Communications Medicine (May 2024)

Identifying multi-resolution clusters of diseases in ten million patients with multimorbidity in primary care in England

  • Thomas Beaney,
  • Jonathan Clarke,
  • David Salman,
  • Thomas Woodcock,
  • Azeem Majeed,
  • Paul Aylin,
  • Mauricio Barahona

DOI
https://doi.org/10.1038/s43856-024-00529-4
Journal volume & issue
Vol. 4, no. 1
pp. 1 – 15

Abstract

Read online

Abstract Background Identifying clusters of diseases may aid understanding of shared aetiology, management of co-morbidities, and the discovery of new disease associations. Our study aims to identify disease clusters using a large set of long-term conditions and comparing methods that use the co-occurrence of diseases versus methods that use the sequence of disease development in a person over time. Methods We use electronic health records from over ten million people with multimorbidity registered to primary care in England. First, we extract data-driven representations of 212 diseases from patient records employing (i) co-occurrence-based methods and (ii) sequence-based natural language processing methods. Second, we apply the graph-based Markov Multiscale Community Detection (MMCD) to identify clusters based on disease similarity at multiple resolutions. We evaluate the representations and clusters using a clinically curated set of 253 known disease association pairs, and qualitatively assess the interpretability of the clusters.
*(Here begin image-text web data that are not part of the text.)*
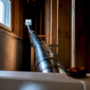 Rigid dryer vent route inspected in utility space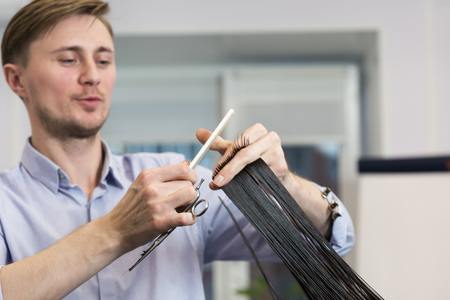 Handsome hairdresser making haircut of a brunette female client. Selective focusの写真素材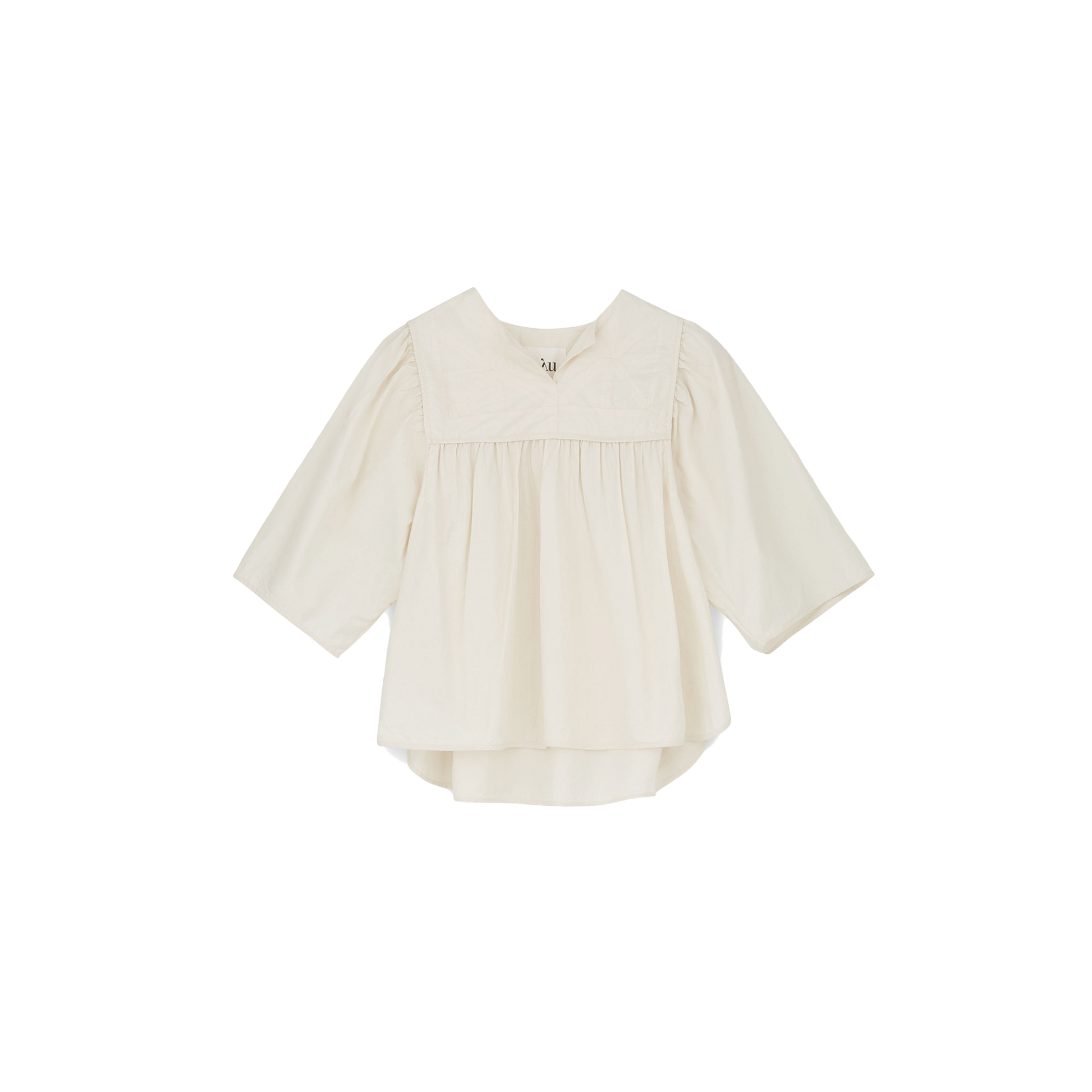 The Nomi Blouse by Aiayu features a cream color with long sleeves, a pleated front, and a wide collar, all crafted from sustainable materials. This 70s-inspired design is elegantly captured against a plain black background.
Results Both co-occurrence and sequence-based algorithms generate interpretable disease representations, with the best performance from the skip-gram algorithm. MMCD outperforms k-means and hierarchical clustering in explaining known disease associations. We find that diseases display an almost-hierarchical structure across resolutions from closely to more loosely similar co-occurrence patterns and identify interpretable clusters corresponding to both established and novel patterns. Conclusions Our method provides a tool for clustering diseases at different levels of resolution from co-occurrence patterns in high-dimensional electronic health records, which could be used to facilitate discovery of associations between diseases in the future.